FOR centuries, the high seas have embodied a defining principle: freedom. States have enjoyed broad rights to navigate, fish and conduct scientific research in areas beyond national jurisdiction, while the mineral resources of the international seabed are governed by the principle that they constitute the common heritage of humanity. As long as these two principles remained broadly compatible, the existing legal order proved remarkably durable.
That balance, however, has become increasingly difficult to sustain. In January, the Agreement under the United Nations Convention on the Law of the Sea on the Conservation and Sustainable Use of Marine Biological Diversity of Areas beyond National Jurisdiction — also called the BBNJ Agreement or the High Seas Treaty — came into force. Concluded after nearly two decades of negotiations, it is widely regarded as the most important development in international law of the sea since the adoption of the United Nations Convention on the Law of the Sea. More importantly, it reflects a broader shift in global ocean governance — from maximising access to safeguarding sustainability.
The agreement comes at a time when the shortcomings of the existing governance framework have become increasingly apparent. Areas beyond national jurisdiction, including the high seas and the international seabed area, account for almost two-thirds of the world’s oceans. Yet governance of these waters has long been fragmented. While different international bodies oversee shipping, fisheries, seabed mining and other activities, no single legal framework has comprehensively addressed the conservation of marine biodiversity across these spaces.
The result has been growing pressure on marine ecosystems. Advances in science and technology have made previously inaccessible marine genetic resources and deep-sea minerals increasingly valuable, intensifying competition over emerging ocean resources. At the same time, biodiversity loss, climate change and marine pollution have exposed the limitations of governance arrangements that were largely designed around resource utilisation rather than ecosystem protection.
The BBNJ Agreement seeks to fill that gap. Through rules on marine genetic resources, area-based management tools such as marine protected areas, environmental impact assessments, and capacity building and technology transfer, it establishes the first comprehensive implementation framework dedicated specifically to conserving biodiversity in areas beyond national jurisdiction.
Its significance, however, extends well beyond environmental governance.

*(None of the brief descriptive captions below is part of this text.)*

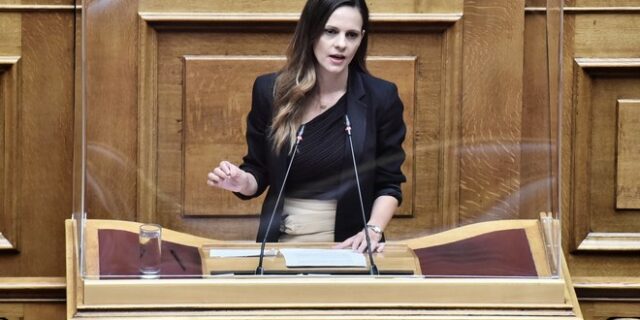 Έφη Αχτσιόγλου: “Η ΝΔ κρατά αμείωτο τον ΦΠΑ για να τροφοδοτεί την αισχροκέρδεια”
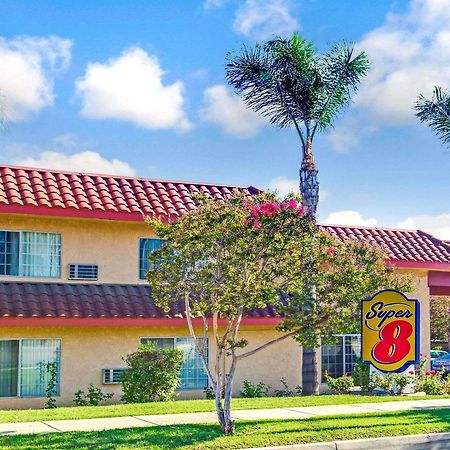 Super 8 By Wyndham Upland Ontario Ca Otel Dış mekan fotoğraf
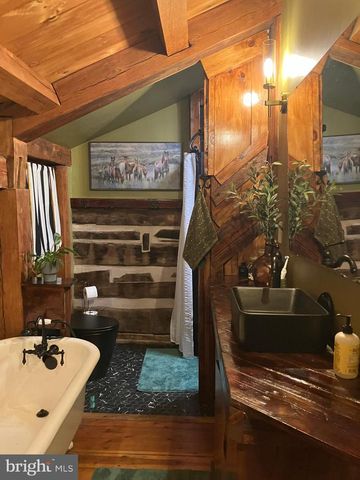 238 DOTTERER RD, Lenhartsville, PA 19534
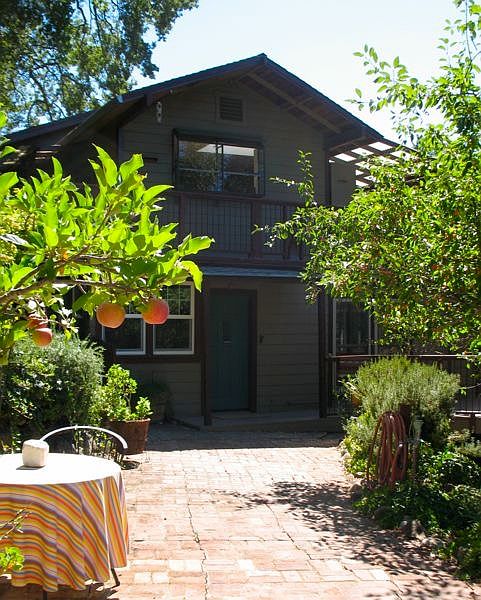 1st image of 120 Oak Hill Way # Fl 2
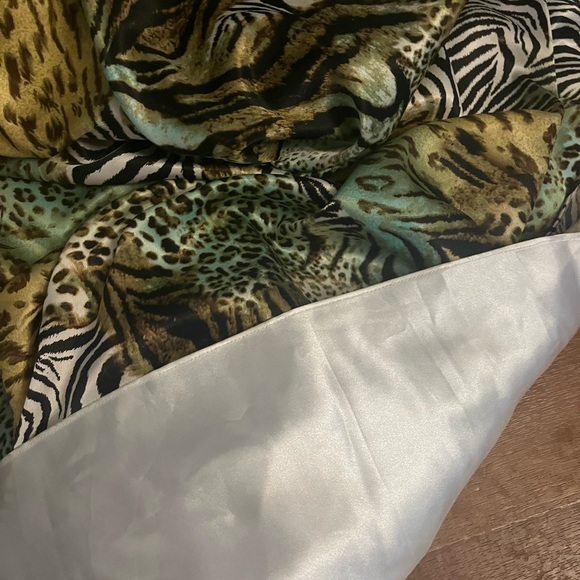 Cheetah/Leopard/Zebra dress with Jewels - Picture 7 of 7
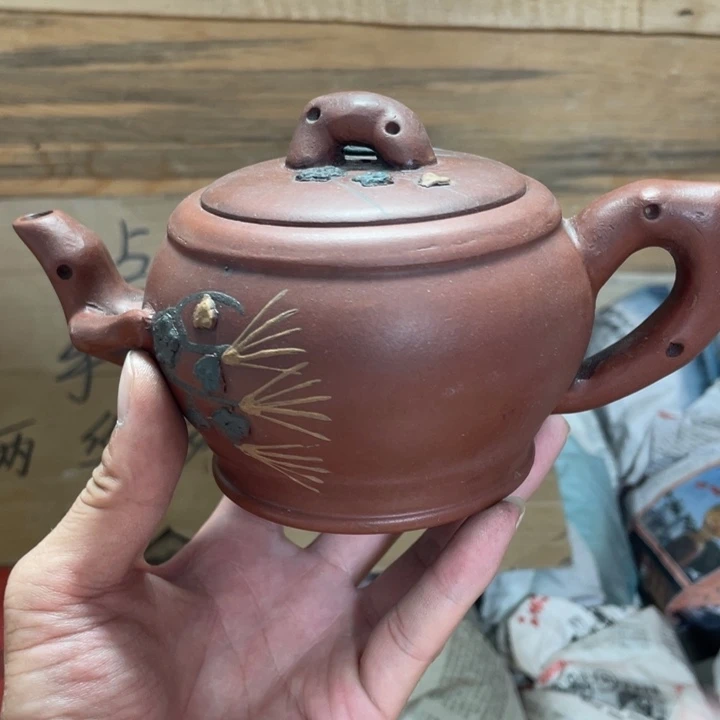 茶壶紫砂老厂紫砂壶一件。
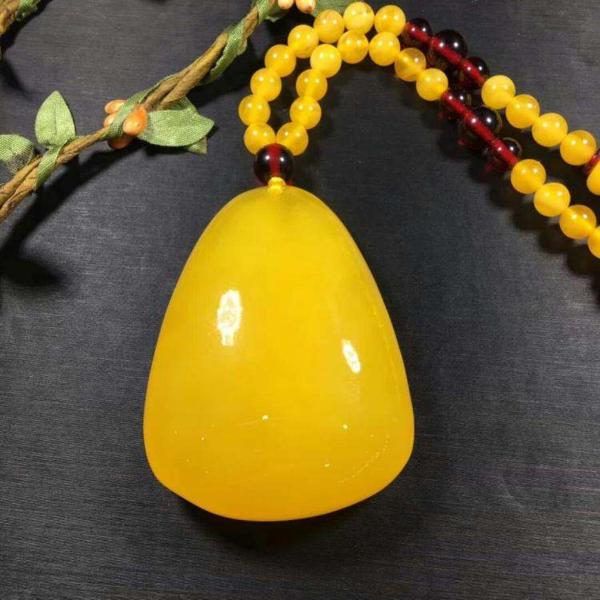 蜜蜡真假鉴别的几种方法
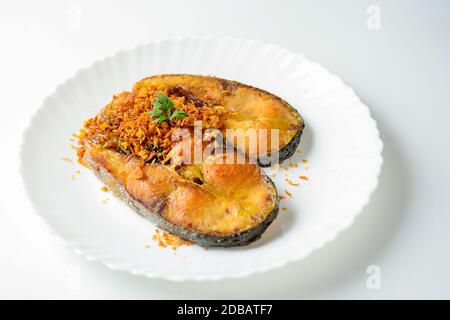 Tiefgebratene Pangasius Fisch mit schwarzem Pfeffer Knoblauch und Fischquelle, schnell und einfach Gericht. Stockfoto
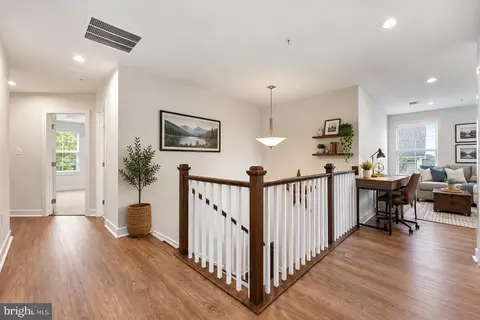 Entry Way - 1124 Futurity St, Frederick, MD 21702 photo 11 of 13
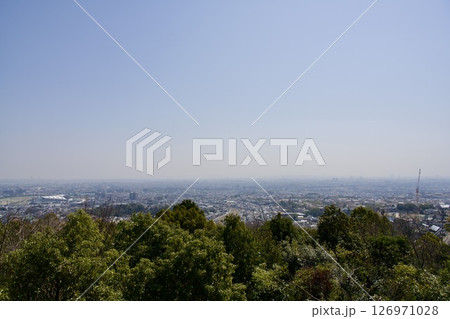 兵庫家西宮市の甲山の展望台からの風景 126971028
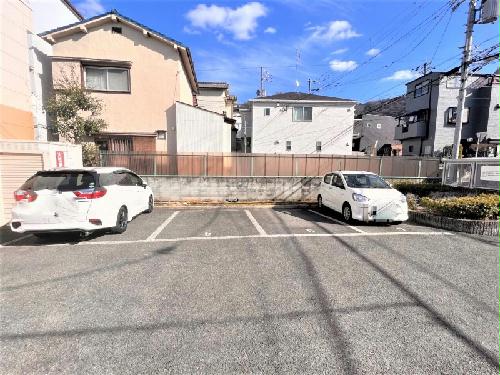駐車場　駐車場は別料金となります。
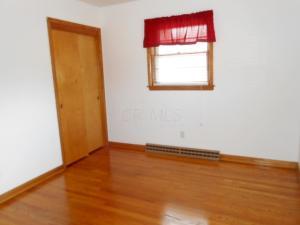 880 Walker St, Newark, OH 43055 photo 16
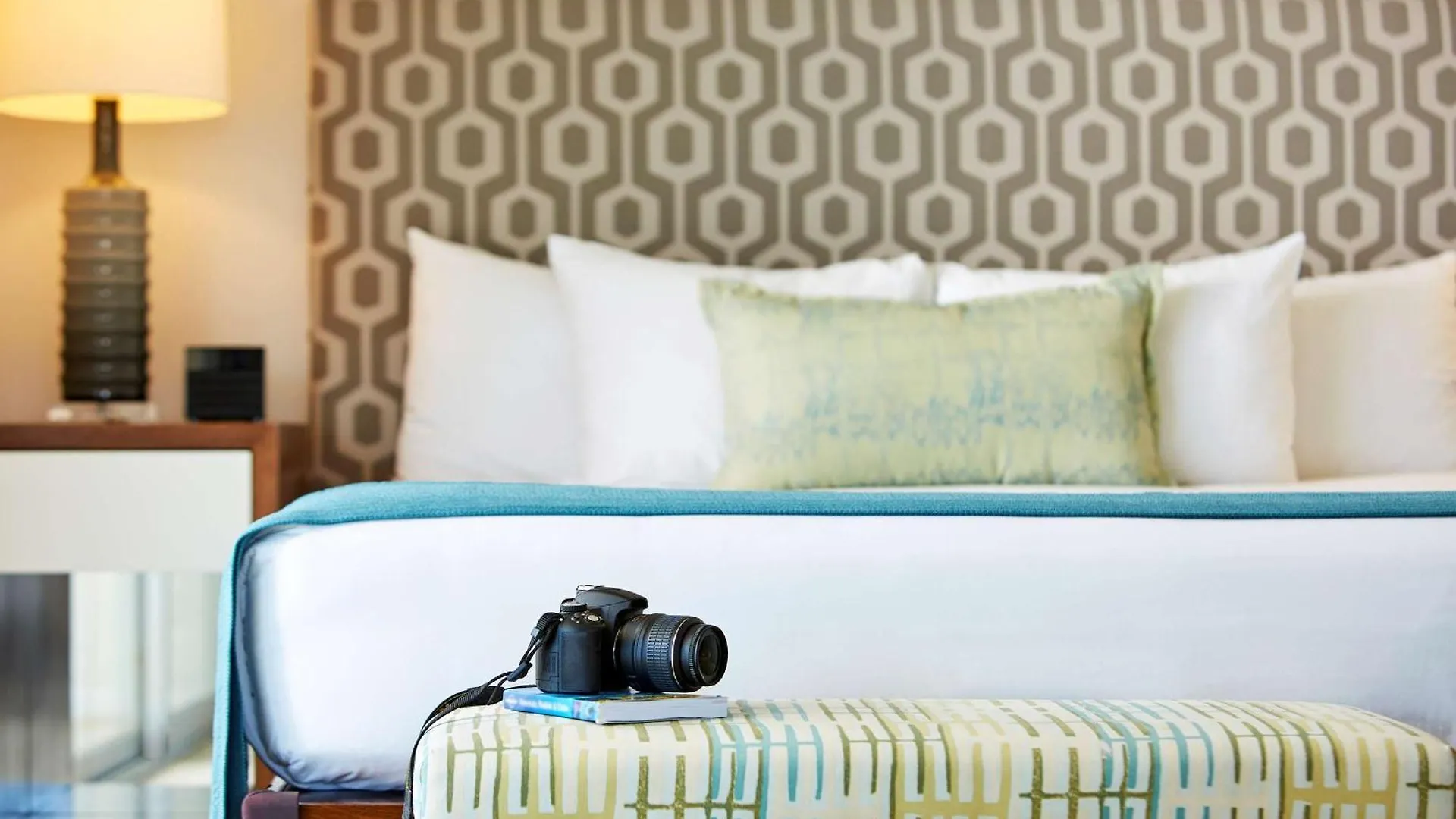 Aparthotel Ilikai Hotel & Luxury Suites Honolulu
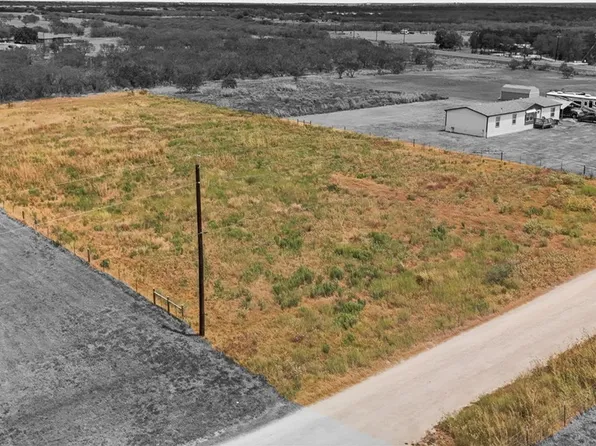 3 Private Road 3042, Gonzales, TX 78629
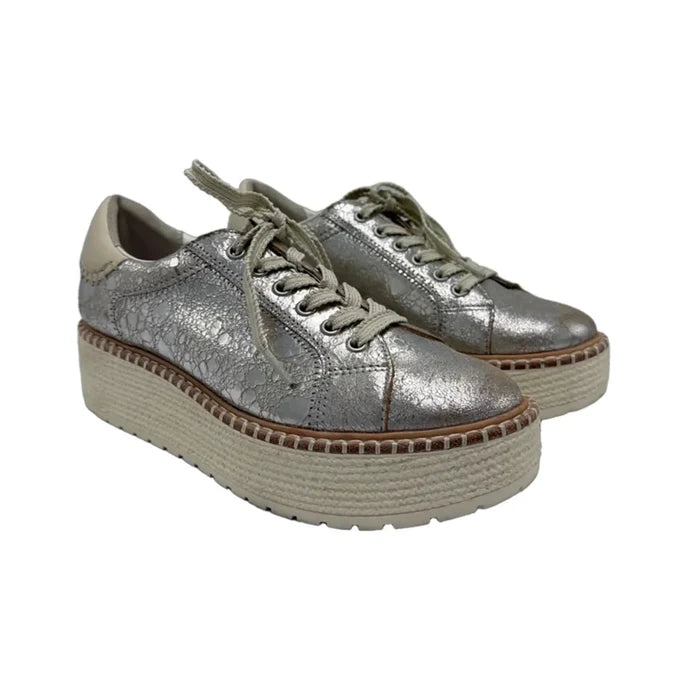 Shoes Athletic By Dolce Vita In Silver, Size: 7.5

Like many international agreements, the BBNJ Agreement is not simply about what it regulates, but also about who helps shape the rules. Decisions concerning marine protected areas, access to marine genetic resources and environmental assessments inevitably influence future patterns of resource use. Countries with stronger scientific capabilities, more advanced marine technologies and greater monitoring capacity may be better positioned to participate in these processes and to shape the practical implementation of the treaty.
Such participation is entirely legitimate under the agreement. Yet it also illustrates why implementation will inevitably involve strategic considerations alongside environmental ones. As governance gradually shifts from broad freedom toward more structured regulation, the allocation of influence over the global commons becomes an increasingly important issue in its own right.
This explains why the treaty’s implementation is likely to prove more challenging than its negotiation. Geopolitics remains an unavoidable reality. The United States has signed but not ratified the agreement, while Russia has yet to sign it, limiting the treaty’s universality. At the institutional level, the relationship between the BBNJ Agreement and existing bodies — including the International Maritime Organisation, the International Seabed Authority and regional fisheries management organisations — will require careful coordination to ensure that the treaty complements rather than undermines established mandates.
Differences in national capacity present another challenge. Effective implementation depends not only on legal obligations but also on scientific expertise, financial resources and technological capabilities. Ensuring that developing countries can participate meaningfully through capacity building and technology transfer will therefore be essential if the agreement is to deliver genuinely inclusive governance.
Nor should conservation tools themselves become sources of new contention. Area-based management measures are intended to protect marine ecosystems, not to create new forms of competition over ocean space. Preserving an appropriate balance between conservation and sustainable use will remain one of the agreement’s most important tests.